The new G-series SoCs will be available in five distinct flavours, ranging from a 2GHz quad-core to frugal dual-cores clocked at 1GHz. Pricing range from $49 to $72 and AMD claims they will be powerful enough to beat any Atom and get away with its lunch money.
There is a twist. The chips also feature an “X” moniker on the logo, which denotes x86 chips, but AMD plans to introduce embedded chips based on ARM cores as well. The x86 G-series parts will cater to power envelopes ranging from 9W to 25W, while upcoming ARM chips should bring much lower power consumption, less than 3W.
Now that AMD is committed to ARM in server and embedded parts, it seems more than likely that it will eventually come up with consumer oriented ARM application processors. AMD is unsurprisingly still mum and it’s not talking about any consumer ARM plans just yet.
As for the current crop of Jag based embedded parts, AMD claims they are capable of delivering top notch performance, particularly in the GPU department. With DirectX 11, UVD 3 and the usual HD 8000 feature set, AMD believes the chips could end up in smart TVs, gaming systems, set-top boxes as well as a wide range of more tedious, industrial applications.

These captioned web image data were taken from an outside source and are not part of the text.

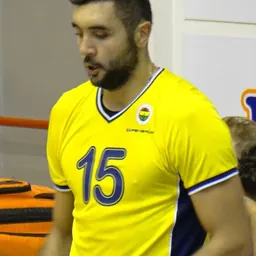 Portrait of Metin Toy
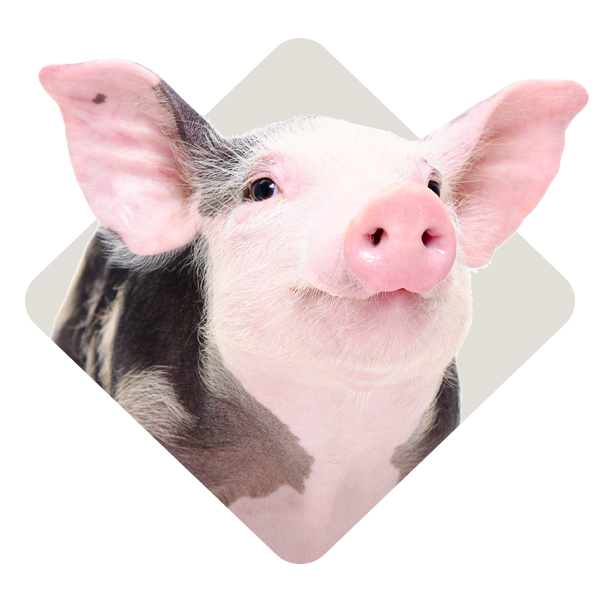 The head of a pink show pig.
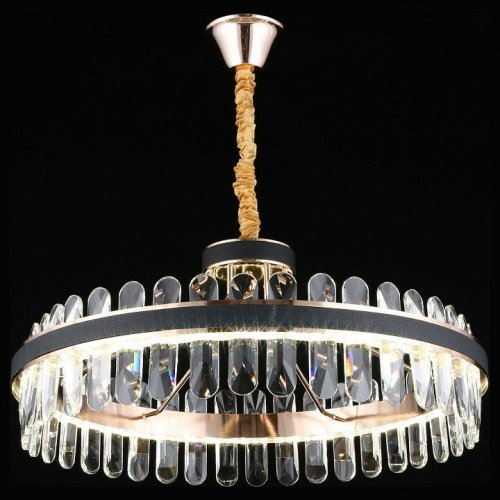 Подвесная люстра Aployt Honori APL.027.03.102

"With a 33 percent smaller footprint, low power consumption and exceptional performance, the new AMD Embedded G-Series SOC sets the bar for content-rich multimedia and traditional workload processing that is ideal for a broad variety of embedded applications,” said Arun Iyengar, vice president and general manager, AMD Embedded Solutions.
AMD clearly has high hopes for Jaguar and by the looks of it the new core will be the best thing coming out of the embattled chipmaker this year. With console design wins under its belt, embedded SoCs and upcoming low-end APUs, Jaguar is already looking like a winner.